How do they know this? Finn was a janitor. How do they know they can fly through the shields? If the Falcon can do it (the Falcon described as "ancient junk" by Rey), then surely any ship can do it?
So why did they design the base with shields that anyone can fly straight through?
This is a perfect example of Mary Sue characters. All-knowing, able to concoct a perfect strategy in literally 30 seconds of screen time, and able to pull it off without a single hitch, exactly as they envisaged.
All the while displaying absolutely no emotion that the audience can connect with.
And lastly, if you think war veterans never get scared, or always succeed, or would take a suicide mission with complete confidence... that to me is entirely in the realms of (bad) fiction, not something I feel is believable. I have no RL military experience, but show me a veteran who never gets scared...
I hate that, people who can't accept apologies but go on and on and on
Wow, you really have to ask that? I'm honestly surprised you need this explaining to you.
The whole point was that, especially in the first film, we didn't see him too much.
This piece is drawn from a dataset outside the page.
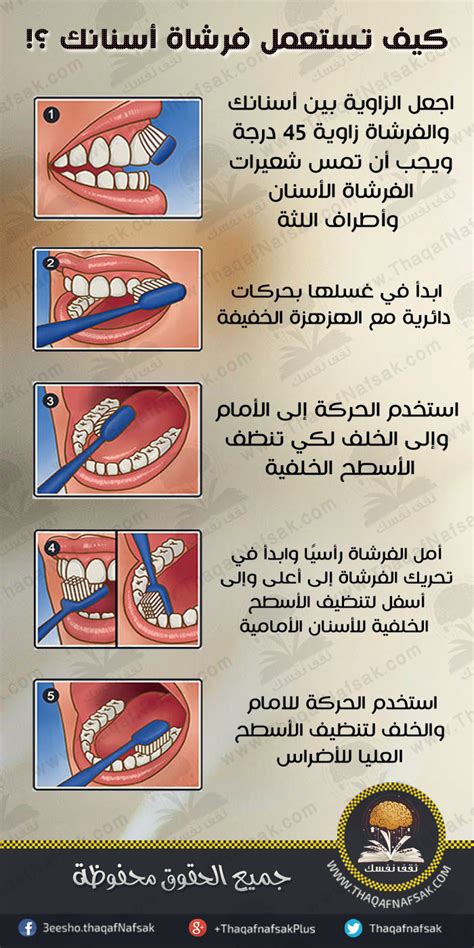 إرشادات غسل الأسنان بطريقة صحيحة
He was a deeply ominous presence, he was treated (his mere mention, even) with fear or terror by those around him (exception, GMT), and when he acted it was always with authority, confidence and finality. No self-doubt or second guessing. You just knew he was the epitome of destruction, an angel of death. If you didn't get that after watching the original trilogy then I feel for you, as you missed out on much of the impact.
In the pre episode 7 canon bowcaster's magnetic recoil was too strong for anyone under Wookie's 2.5 meters in height and 150kg of weight to handle without harming themselves. Obviously now it's one of those things that were discarded from canon.
That's EU, so no longer any part of canon.
And then there is the whole Jedi can only bind the blade of a lightsabre.